I’ve been recently studying the nano-vLLM codebase and writing this article to document my notes and learnings for future reference.

config.py

  • model: path to the model weight and config files.
  • max_num_batched_tokens: The maximum total number of tokens that can be processed in a single batch across all sequences.
  • max_num_seqs: The maximum number of sequences (requests) that can be processed simultaneously in a batch.
  • max_model_len: The maximum length (in tokens) of a single sequence.
  • gpu_memory_utilization: The fraction of GPU memory to use (90% by default).
  • tensor_parallel_size: tensor parallelism.
  • enforce_eager: eager mode.
  • hf_config: The HuggingFace model configuration object.
  • eos: likely the end-of-sequence token ID.
  • kvcache_block_size: The size of each block in the key-value cache.
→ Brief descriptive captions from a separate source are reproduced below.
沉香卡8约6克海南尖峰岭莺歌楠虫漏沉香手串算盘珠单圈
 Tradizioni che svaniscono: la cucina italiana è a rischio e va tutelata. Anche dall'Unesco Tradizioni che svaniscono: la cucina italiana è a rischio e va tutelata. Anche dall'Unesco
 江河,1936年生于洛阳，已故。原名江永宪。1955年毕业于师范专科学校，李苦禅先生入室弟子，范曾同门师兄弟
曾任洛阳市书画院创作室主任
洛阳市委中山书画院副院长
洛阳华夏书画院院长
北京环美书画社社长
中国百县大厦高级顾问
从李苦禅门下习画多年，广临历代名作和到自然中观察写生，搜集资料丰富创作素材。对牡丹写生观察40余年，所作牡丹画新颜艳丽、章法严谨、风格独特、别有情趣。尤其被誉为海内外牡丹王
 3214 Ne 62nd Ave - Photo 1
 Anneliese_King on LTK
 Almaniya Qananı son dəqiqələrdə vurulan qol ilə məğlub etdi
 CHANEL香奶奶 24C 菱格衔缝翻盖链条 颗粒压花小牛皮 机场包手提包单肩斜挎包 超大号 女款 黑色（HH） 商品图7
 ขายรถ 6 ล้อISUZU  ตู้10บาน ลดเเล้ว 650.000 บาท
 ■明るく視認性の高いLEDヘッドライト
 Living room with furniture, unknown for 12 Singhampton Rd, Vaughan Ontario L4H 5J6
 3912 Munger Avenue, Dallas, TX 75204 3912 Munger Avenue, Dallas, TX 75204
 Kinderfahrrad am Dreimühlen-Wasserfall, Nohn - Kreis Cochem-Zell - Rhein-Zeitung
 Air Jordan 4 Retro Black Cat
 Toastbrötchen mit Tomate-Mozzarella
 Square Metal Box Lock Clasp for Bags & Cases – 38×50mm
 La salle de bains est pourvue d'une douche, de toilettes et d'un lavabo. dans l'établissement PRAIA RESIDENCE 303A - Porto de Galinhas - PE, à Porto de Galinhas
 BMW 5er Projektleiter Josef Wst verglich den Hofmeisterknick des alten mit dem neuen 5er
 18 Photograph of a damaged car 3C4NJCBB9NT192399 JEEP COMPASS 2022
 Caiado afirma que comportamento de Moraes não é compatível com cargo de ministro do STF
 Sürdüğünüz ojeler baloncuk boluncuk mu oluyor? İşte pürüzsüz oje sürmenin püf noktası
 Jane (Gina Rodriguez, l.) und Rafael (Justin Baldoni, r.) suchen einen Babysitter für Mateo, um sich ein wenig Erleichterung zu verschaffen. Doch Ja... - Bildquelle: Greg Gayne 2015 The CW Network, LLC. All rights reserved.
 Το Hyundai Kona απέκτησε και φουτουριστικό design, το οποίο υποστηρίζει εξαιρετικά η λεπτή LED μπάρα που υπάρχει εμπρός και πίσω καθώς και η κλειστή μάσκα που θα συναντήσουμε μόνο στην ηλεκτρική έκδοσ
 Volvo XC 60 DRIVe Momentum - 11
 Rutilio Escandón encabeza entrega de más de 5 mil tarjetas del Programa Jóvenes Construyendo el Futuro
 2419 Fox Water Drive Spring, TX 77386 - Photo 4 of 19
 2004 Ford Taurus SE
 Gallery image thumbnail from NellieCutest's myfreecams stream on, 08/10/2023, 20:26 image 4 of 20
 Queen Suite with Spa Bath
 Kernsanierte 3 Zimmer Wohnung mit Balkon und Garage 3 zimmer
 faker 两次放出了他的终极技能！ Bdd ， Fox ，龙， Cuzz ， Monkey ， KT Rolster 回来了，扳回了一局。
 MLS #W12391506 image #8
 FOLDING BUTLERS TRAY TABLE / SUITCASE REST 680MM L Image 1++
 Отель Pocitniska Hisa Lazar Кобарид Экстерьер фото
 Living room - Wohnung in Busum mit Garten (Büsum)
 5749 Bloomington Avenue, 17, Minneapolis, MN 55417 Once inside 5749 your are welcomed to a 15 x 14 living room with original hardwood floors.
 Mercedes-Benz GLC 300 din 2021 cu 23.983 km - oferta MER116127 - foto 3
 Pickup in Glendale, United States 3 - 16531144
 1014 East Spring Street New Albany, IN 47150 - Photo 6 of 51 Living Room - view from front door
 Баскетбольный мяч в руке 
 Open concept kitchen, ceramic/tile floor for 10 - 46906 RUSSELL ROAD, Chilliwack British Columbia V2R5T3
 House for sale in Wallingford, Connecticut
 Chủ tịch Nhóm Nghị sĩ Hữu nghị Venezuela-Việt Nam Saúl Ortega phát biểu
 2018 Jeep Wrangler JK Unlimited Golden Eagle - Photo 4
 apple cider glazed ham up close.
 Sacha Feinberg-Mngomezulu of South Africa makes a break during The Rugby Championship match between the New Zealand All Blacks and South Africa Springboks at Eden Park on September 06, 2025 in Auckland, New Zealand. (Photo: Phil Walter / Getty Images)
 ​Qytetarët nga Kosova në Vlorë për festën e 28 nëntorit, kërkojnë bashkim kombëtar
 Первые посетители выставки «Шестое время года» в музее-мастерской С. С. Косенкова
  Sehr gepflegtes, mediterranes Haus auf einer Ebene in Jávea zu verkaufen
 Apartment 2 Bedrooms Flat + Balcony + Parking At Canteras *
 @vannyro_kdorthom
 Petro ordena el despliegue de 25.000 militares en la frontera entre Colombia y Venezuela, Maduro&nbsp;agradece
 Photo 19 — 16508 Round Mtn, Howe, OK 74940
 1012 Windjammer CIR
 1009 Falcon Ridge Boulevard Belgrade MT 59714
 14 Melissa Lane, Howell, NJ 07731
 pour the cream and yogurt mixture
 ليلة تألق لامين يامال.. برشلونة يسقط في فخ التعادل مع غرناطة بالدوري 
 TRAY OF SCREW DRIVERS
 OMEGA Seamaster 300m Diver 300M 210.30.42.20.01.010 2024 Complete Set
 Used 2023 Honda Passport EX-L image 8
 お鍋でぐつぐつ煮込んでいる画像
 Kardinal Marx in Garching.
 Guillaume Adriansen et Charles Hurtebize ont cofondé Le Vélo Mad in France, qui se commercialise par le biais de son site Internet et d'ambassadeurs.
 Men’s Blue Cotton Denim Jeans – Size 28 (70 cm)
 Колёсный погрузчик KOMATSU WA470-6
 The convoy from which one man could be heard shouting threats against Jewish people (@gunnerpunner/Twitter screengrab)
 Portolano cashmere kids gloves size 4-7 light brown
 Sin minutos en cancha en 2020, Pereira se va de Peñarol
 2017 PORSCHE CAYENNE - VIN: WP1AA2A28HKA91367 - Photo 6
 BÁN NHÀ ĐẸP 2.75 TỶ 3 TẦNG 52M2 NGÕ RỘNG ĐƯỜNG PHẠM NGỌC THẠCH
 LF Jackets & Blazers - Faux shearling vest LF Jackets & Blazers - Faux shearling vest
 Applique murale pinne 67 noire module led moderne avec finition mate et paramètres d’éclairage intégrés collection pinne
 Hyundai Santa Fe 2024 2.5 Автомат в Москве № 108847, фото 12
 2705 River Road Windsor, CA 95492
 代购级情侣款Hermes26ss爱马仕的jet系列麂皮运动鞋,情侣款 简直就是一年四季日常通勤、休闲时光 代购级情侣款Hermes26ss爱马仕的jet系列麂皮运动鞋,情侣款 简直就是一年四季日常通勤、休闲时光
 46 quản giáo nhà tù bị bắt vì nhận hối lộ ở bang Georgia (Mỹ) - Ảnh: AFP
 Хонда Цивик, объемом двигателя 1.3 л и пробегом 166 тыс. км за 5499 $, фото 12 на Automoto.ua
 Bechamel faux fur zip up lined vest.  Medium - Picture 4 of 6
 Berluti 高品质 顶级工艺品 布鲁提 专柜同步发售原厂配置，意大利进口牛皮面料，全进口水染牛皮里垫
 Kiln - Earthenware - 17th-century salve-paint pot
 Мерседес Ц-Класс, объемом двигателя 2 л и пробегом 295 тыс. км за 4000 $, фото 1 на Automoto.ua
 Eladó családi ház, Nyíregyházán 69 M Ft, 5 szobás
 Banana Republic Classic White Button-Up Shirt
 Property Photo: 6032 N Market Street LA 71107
Must be multiple of 256.
  • num_kvcache_blocks: likely the total number of KV-cache blocks to allocate.

sampling_params.py

  • temperature
  • max_tokens
  • ignore_eos

bench.py

The script generates random token sequences, feeds them to a language model, and measures throughput.

engine/sequence.py

This file implements a Sequence class that represents a single request/prompt being processed by the inference engine.

Attributes:

  • seq_id: Unique id.
  • status: waiting, running, finished.
  • token_ids: full list of tokens.
  • rest of the token ids, sampling params.

Properties:

  • Multiple token ids, block counts.

engine/block_manager.py

Block class for a single block:

  • block_id
  • ref_count: int
  • hash: int
  • token_ids: list[int]

BlockManager class for orchestration and prefix caching:
Attributes:

  • block_size: int
  • blocks: list[Block]
  • hash_to_block_id: dict[int, int]
  • free_block_ids: deque[int]
  • used_block_ids: deque[int]
  • allocate:

Methods:

  • allocate
  • deallocate
  • can_allocate
  • can_append
  • may_append
  • compute_hash

utils/context.py

Context to share globle state info across different part of the inference engine.

Attributes:

  • is_prefill: whether it’s in prefill phase
  • cu_seqlens_q: Cumulative sequence lengths for queries for FlashAttention
  • cu_seqlens_k: Cumulative sequence lengths for keys for FlashAttention
  • max_seqlen_q: Maximum query sequence length in the current batch
  • max_seqlen_k: Maximum key sequence length in the current batch
  • slot_mapping: token to physical KV cache slots mapping
  • context_lens: Number of cached tokens for each sequence
  • block_tables: Maps each sequence to its allocated memory blocks

Glable Context instance, set and reset.